About two years ago I bought a photographic print by Maureen Boyle. She had quite a lot of prints on display – small and large of photographs she had taken in France and I was taking my time choosing. After all, I was aware that I might be selecting an image for a scene or scenes of a manuscript not yet written. I asked her endless questions. Some scenes were of Paris, from memory, others were taken in the Jura region and several of a chateau were what particularly drew me.
But let me step back a little. In November 2013 an idea came to me about writing the earlier history of a character that appears in my novel Tomaree. She would be nineteen or twenty in the year 1924 and we would find out what happened to her in those early years to shape the character she would become in 1942. In 2015 I realised that I was actually writing a trilogy and that in the second book Sarah would travel to Paris and research the movements of her grandmother in the 1870s. I knew that a chateau would feature in the second novel but where would the chateau be and what would it look like?

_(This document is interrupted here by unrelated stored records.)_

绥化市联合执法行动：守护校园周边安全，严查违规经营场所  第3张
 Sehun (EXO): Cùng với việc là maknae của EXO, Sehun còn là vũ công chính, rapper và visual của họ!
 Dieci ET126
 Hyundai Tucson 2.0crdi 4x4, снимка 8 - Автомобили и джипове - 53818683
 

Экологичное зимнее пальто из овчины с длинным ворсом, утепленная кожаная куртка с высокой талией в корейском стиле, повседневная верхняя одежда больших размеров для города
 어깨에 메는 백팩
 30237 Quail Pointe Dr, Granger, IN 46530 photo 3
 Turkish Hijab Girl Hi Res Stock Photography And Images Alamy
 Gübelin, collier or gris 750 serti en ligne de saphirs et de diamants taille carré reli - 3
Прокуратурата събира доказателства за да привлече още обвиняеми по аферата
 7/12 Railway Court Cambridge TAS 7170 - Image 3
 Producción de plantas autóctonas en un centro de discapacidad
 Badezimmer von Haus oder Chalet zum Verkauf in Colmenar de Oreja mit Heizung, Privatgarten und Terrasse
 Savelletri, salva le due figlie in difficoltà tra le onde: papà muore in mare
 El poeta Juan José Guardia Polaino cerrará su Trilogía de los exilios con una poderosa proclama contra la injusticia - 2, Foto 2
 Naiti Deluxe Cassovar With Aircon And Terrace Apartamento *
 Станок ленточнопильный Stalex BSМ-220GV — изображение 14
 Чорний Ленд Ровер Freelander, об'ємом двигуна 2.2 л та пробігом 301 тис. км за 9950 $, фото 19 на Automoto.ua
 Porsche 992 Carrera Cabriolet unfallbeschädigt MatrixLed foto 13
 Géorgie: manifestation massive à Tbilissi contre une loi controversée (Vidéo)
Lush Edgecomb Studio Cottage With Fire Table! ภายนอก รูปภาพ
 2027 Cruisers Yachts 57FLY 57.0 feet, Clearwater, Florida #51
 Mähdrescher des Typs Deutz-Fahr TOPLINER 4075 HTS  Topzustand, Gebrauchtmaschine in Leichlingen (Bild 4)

A chateau not far from Paris fascinated me but then I discovered Maureen’s photos of Chateau Chalon in the Jura district of Eastern France. I looked at several, well I think I did, of the chateau and finally selected a white framed print 8 x 5. I think it is a marvellous photo, put it in my spare room and promptly forgot about it.
Life intervened, as it always does and I didn’t finish the first full draft of Paris Next Week until a week before Christmas last year. I am now embarking on a second draft – tidying up the prose and checking some 281 points of research that need to be verified, expanded on or simply deleted because they are not relevant to the 1920s. I.e. “comes a cropper”; I hash tagged this remark made by my character Christopher Hyatt as I wasn’t sure how old it was. Turns out it’s pretty old and safe for my character to say. Hastag deleted. Current count is 247.
Back to the photograph. On the evening of Bastille Day, at the French Friday markets in Newcastle I met Maureen again and went through her photographs. I picked up one of the chateau and I told her that I had bought possibly the same chateau, but from another angle. She said she had taken a lot of photos that day. As I studied the photograph she showed me the same photo but much larger. Excited I bought the larger photo. The details were so much clearer of course. Not only was there a little Juliet balcony but a small enclosed tower next to it. I took the photo home that night and yes, you guessed it, I had bought the same photo.
No, I don’t have a bad memory. I have a particularly good visual memory. It just seemed to me as I contemplated the photograph for the second time that it was a different photograph. I was of course seeing it with new eyes. I like to think that this is a nudge to look much closer at something that has become an everyday part of my life. After this, it will be very hard now to chose another chateau.